Can you confirm your molecule config looks something like the following? https://github.com/geerlingguy/ansible-role-apache/blob/master/molecule/default/molecule.yml#L7-L12

zerwes commented 2 years ago

Yes. Here the relevant part from a failing example:

  - name: keepalived-bionic
    pre_build_image: yes
    image: geerlingguy/docker-ubuntu1804-ansible:latest
    privileged: true
    command: /lib/systemd/systemd
    volumes:
    - /sys/fs/cgroup:/sys/fs/cgroup:ro

and a tasks that enables a service via systemd fails with:

"stderr_lines": ["Failed to connect to bus: No such file or directory"]

geerlingguy commented 2 years ago

@zerwes - Can you try changing the command to match what I have set up in mine?

zerwes commented 2 years ago

Hello @geerlingguy Unfortunately makes no difference:

@@ -71,6 +71,6 @@ platforms:
     pre_build_image: yes
     image: geerlingguy/docker-ubuntu2004-ansible:latest
     privileged: true
-    command: /lib/systemd/systemd
+    command: ${MOLECULE_DOCKER_COMMAND:-""}
     volumes:
     - /sys/fs/cgroup:/sys/fs/cgroup:ro

but on the invocation of systemctl: "rc": 1, "stderr": "Failed to connect to bus: No such file or directory"

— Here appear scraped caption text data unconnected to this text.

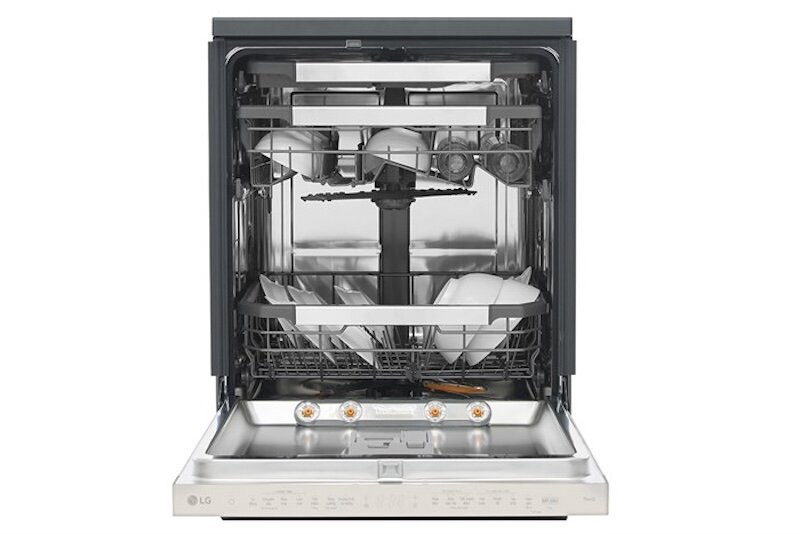 Máy rửa bát độc lập 14 bộ LG LDT14BGA3 sử dụng công nghệ rửa nước nóng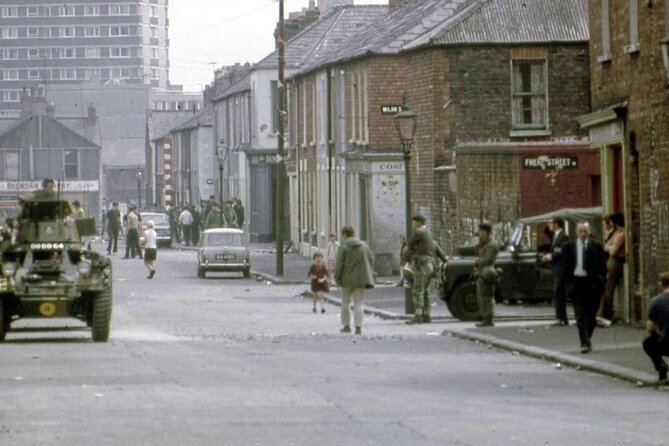 2 hours Belfast Original Drivers The Troubles Black Taxi Tour - Comfort, pickup, and timing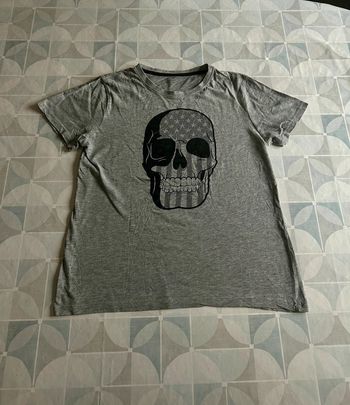 T shirt garçon -14 ans -Kiabi - en très bon état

evrardjp commented 2 years ago

/me watches this :)

stefanDeveloper commented 2 years ago

I run into the same problem as @zerwes

zerwes commented 2 years ago

@stefanDeveloper is something like the docker file mentioned in the description of the issue or like https://github.com/Rosa-Luxemburgstiftung-Berlin/ansible-role-unbound/blob/main/molecule/default/Dockerfile-debian-bullseye.j2 working for you?

stefanDeveloper commented 2 years ago

@zerwes you saved my week, thanks that works like a charm!

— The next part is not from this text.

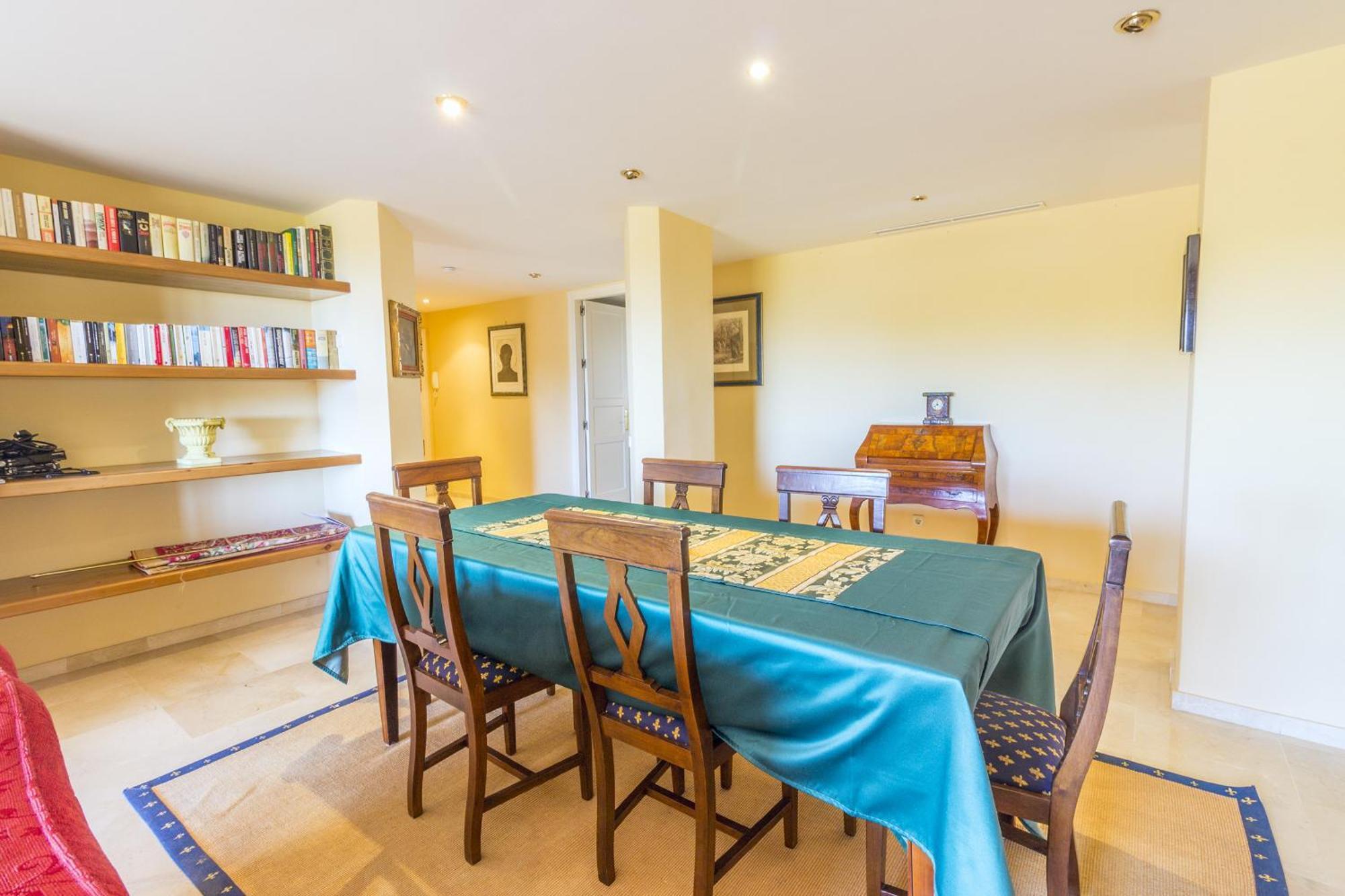 Cubo's Boutique Elviria Hills Apartment Marbella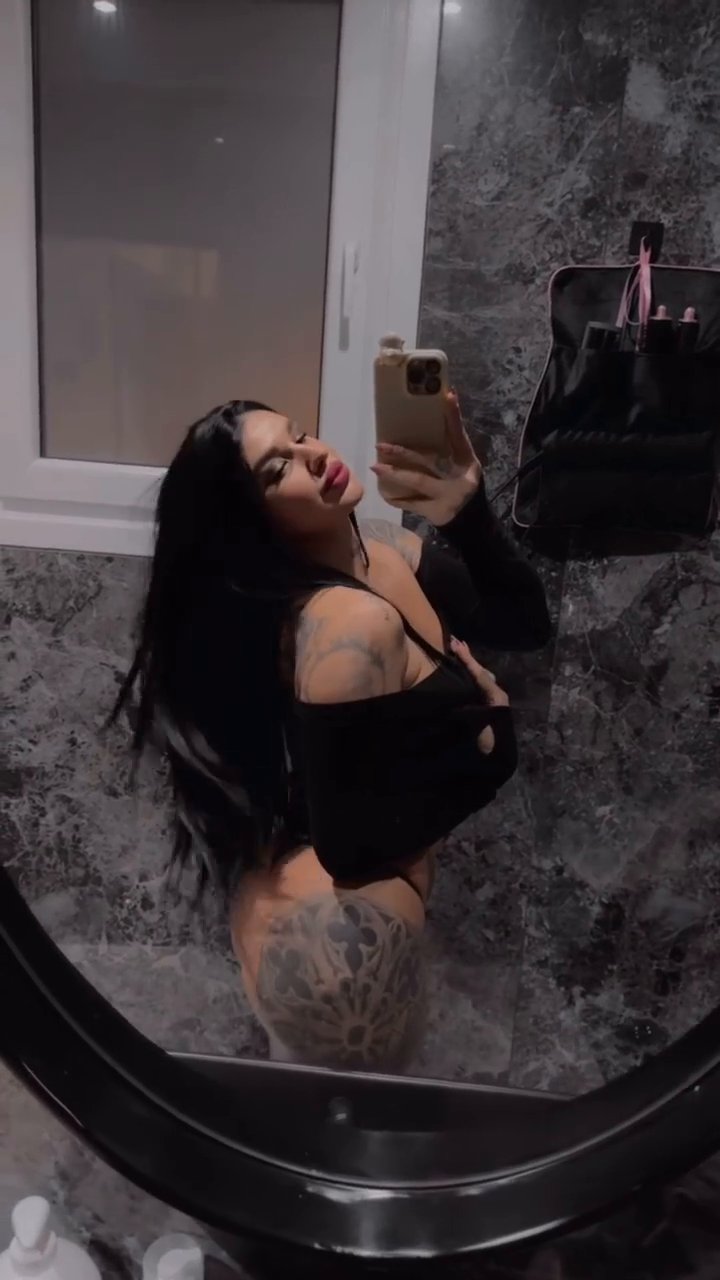 Hilal Çiçek instagram abonelik içerikleri part 4 - Video İzle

zerwes commented 2 years ago

@stefanDeveloper glad to hear it helped. and maybe it helps @geerlingguy better to drill down the problem ...

widhalmt commented 2 years ago

I got a similar problem like @zerwes (Hi, by the way :-) ) in https://github.com/NETWAYS/ansible-role-elasticsearch/pull/53 .

As another change that might have an influence I had to remove the following lines because it made starting Elasticsearch in the containers impossible on CentOS:

     volumes:
     - /sys/fs/cgroup:/sys/fs/cgroup:ro

Since I removed that, CentOS tests succeed but Debian ones fail. I put some debugging code into my roles to put out what's wrong. What I'm seeing is:

  fatal: [elasticsearch-cluster2]: FAILED! => {"changed": false, "cmd": "/bin/systemctl", "msg": "Failed to connect to bus: No such file or directory", "rc": 1, "stderr": "Failed to connect to bus: No such file or directory\n", "stderr_lines": ["Failed to connect to bus: No such file or directory"], "stdout": "", "stdout_lines": []}

I suspect, both containers are built differently and what fixes problems for one breaks it for the other?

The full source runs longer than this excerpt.